Trump "won that election," Giuliani asserted on his WABC radio show last week. "You give me one hour. I will prove it to you with pictures, documents, votes and people we can call on the phone in five states." That was a month after Dominion threatened to sue Giuliani and two weeks after his tall tale encouraged hundreds of deluded Trump followers to storm the Capitol in a vain effort to "stop the steal."

Dominion says Giuliani hatched his disinformation scheme on the night of the election. "There's no way he lost!" Giuliani told Trump campaign officials just after midnight, according to Axios. "This thing must have been stolen. Just say we won Michigan! Just say we won Georgia! Just say we won the election! He needs to go out and claim victory!" And that is what Trump did, beginning with the conviction that he must have won and then casting about for evidence to support it.

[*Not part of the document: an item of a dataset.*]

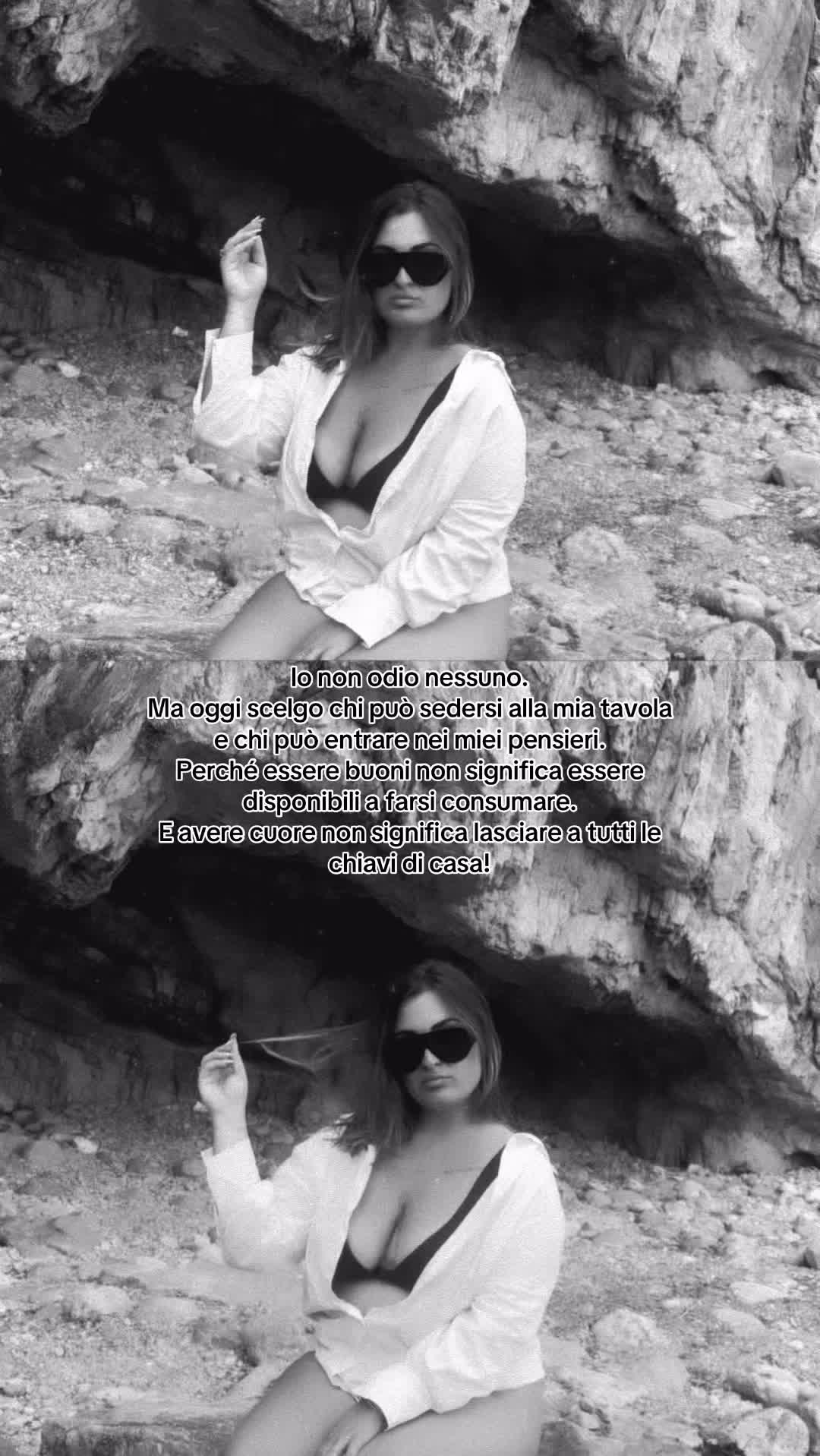 @Martina Del prete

Two days after the election, the complaint says, Powell began encouraging the campaign to focus suspicion on Dominion. She found a receptive audience in Giuliani, who in turn encouraged Trump to echo the wild charges about massive, machine-based fraud. In November 12 interview on Lou Dobbs Tonight, Giuliani falsely claimed that Dominion is owned by Smartmatic, another company that figures in Powell's fantasy. Giuliani said Smartmatic was created "in order to fix elections" for Venezuelan strongman Hugo Chavez and had ties to billionaire George Soros, a major supporter of Democratic campaigns and causes. Dominion's software, Giuliani averred, "really is Venezuelan" and is essentially the same as Smartmatic's.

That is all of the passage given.